In IndProp.v from Logical Foundations we have the following inductive property:

Inductive nostutter {X:Type} : list X -> Prop :=
  | nos_nil : nostutter []
  | nos_one : forall x, nostutter [x]
  | nos_cons : forall x h l, nostutter (h :: l) -> (x <> h) -> (nostutter (x :: h :: l)).

Is it possible to solve this:

1 subgoal
X : Type
x : X
H : nostutter [] -> nostutter [x]
______________________________________(1/1)
False

Presumably one would need some sort of discriminate or contradiction since nostutter [] -> nostutter [x] seems like it makes no sense, but I don't see anything that would allow me to make progress.
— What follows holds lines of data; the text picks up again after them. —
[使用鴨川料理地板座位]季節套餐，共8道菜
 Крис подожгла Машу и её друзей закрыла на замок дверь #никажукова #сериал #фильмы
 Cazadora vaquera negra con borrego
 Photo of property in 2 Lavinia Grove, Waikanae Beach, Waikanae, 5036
Is it just not possible to prove?

1
coqcoq-tacticlogical-foundations

1 Answers

3
votes

I think there is some confusion about the meaning of the implication. nostutter [] -> nostutter [x] is a perfectly reasonable hypothesis -- indeed, it is a theorem:

Require Import Coq.Lists.List.
Import ListNotations.

Inductive nostutter {X:Type} : list X -> Prop :=
  | nos_nil : nostutter []
  | nos_one : forall x, nostutter [x]
  | nos_cons : forall x h l, nostutter (h :: l) -> (x <> h) -> (nostutter (x :: h :: l)).

Lemma not_goal {X} (x : X) : @nostutter X [] -> nostutter [x].
Proof. intros _; apply nos_one. Qed.

An implication A -> B says that we can prove B by proving that A is true. If we can prove B without additional hypotheses, as it is the case for nostutter [x], then the implication holds trivially.